This showcase is an example of how language technology can be exploited in research within the humanities. The resource that this case is based on is Gesta Danorum written about 1200 by the Danish historian, Saxo. Gesta Danorum is written in High Latin and describes in 16 books the period of time from King Dan to Canute VI of Denmark. Traditionally, the work is divided into two main sections, one consisting of books 1-9 which deals with Norse mythology and a historical second part of the books 10-16 describing the introduction of Christianity in Denmark. In 1969, a competing thesis was launched cf. Skovgaard-Petersen (1969). In this analysis the composition of Gesta Danorum is split up into books 1-8 and books 9-16. These two competing interpretations can be paraphrased into the question: Is it book 9 or book 10 that represents the transition from the heathen to the Christian period in Gesta Danorum? In order to find evidence for the answer to this question, the platform with embedded linguistic information and advanced search facilities was exploited to identify subject area specific elements in the various books of Gesta Danorum and to display the search results in a manageable way.

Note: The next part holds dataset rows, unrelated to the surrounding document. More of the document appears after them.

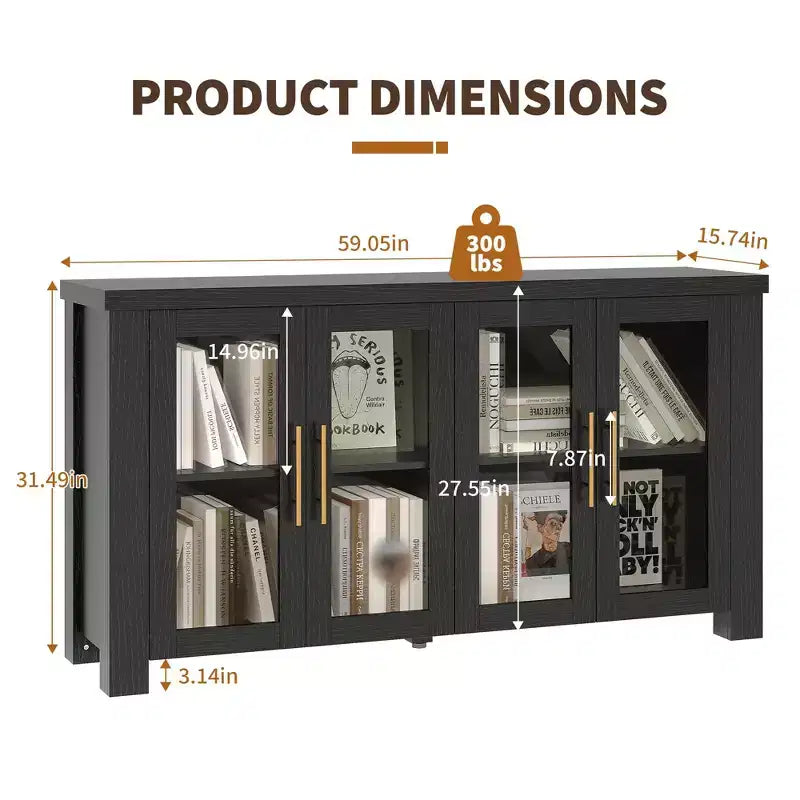 COZONY Mobile Buffet con Ante in Vetro Temperato, Credenza Contenitore in Legno per Sala da Pranzo, Soggiorno, Cucina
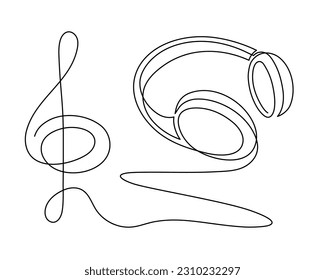 Headphone with treble clef one line art,hand drawn device gadget continuous contour.Listening music wireless online concept,audition songs technology.Editable stroke.Isolated.Vector
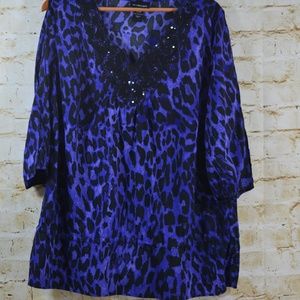 Lane Bryant Leopard Print Top Slit Sleeves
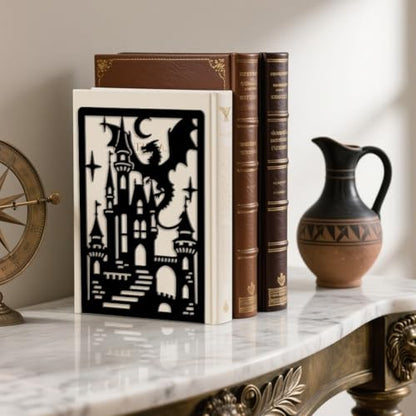 Peacoblue 5.3"x4.3"x7.9" Metal Bookends, Heavy Duty Book Ends for Shelves - style: Dragon and Castle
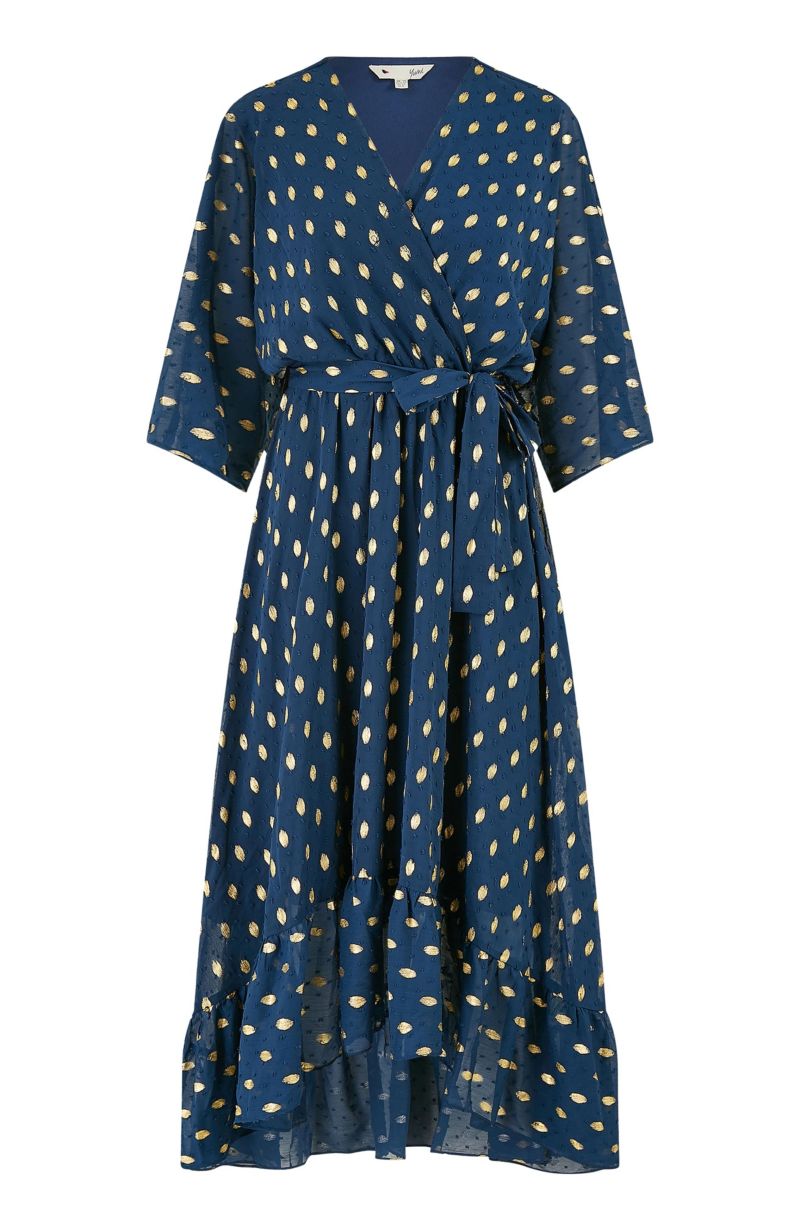 Women's Foil Print Wrap Over Dress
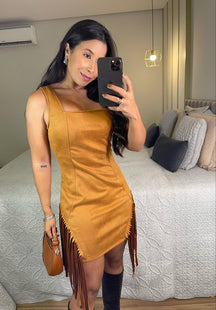 Vestido Yas – Suede Franjas Decote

The procedure was to take a translation of Gesta Danorum and the compute PoS and lemma information automatically. To give example of the outcome of the automatic processing, the sentence “Kongen blev kronet på slottet” (“the King was crowned at the castle”) was annotated as follows:
Kongen/konge/NN_COM_SING_DEF blev/blive/V_INDIC_PAST kronet/krone/V_PARTC_PAST på/på/PREP slottet/slot/NN_NEUT_SING_DEF
The final step was to upload the annotated version of Gesta Danorum into the IMS Open Corpus Workbenchi (open source software). This platform made it possible to make queries that exploit both the linguistic information and the Corpus Query Processing (CQP) search facilities embedded in this platform.

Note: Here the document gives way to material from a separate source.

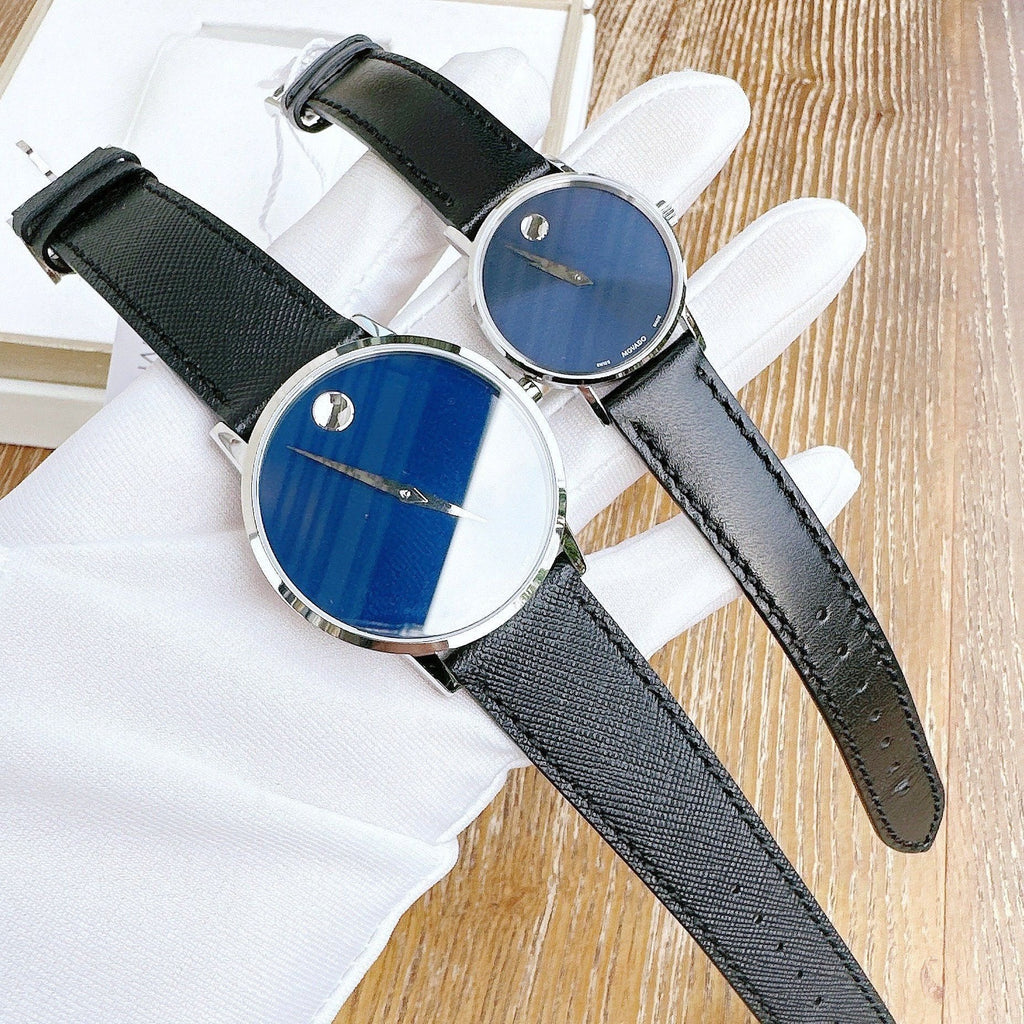 Movado 0607197 Museum Classic Men's Watch – Blue Dial & Black Leather Strap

- Visit the website: http://cst.dk/cgi-bin/dighumlab/Saxo/form-query.pl?mode=cqp.
- Choose Run Query with the default search pattern, [pos!="RESID_SIGN"] that counts all the words in Gesta Danorum
- Choose distribution and check how many words that occur in book 8, 9, and 10 respectively.
- Insert the following search pattern, representing Christian language usage:
[lemma="helgen"] | [word="krist.*"] | [word="synd.*" & pos="N.*"] | [word="Herren"] | [word="ang(re|er)"] | [word="hellig.*"] | [word="Gud"]
- Press Run Query and then choose Distribution.
- Check the distribution of words defined as being members of the Christian register on book 8, 9, and 10.
- Does the frequency of Christian language usage differ between book 8, 9 and 10?
- Which thesis do the observations support? The traditional approach that advocates a split between book 9 and 10? Or the competing thesis that speaks in favour of dividing Gesta Danorum between book 8 and 9?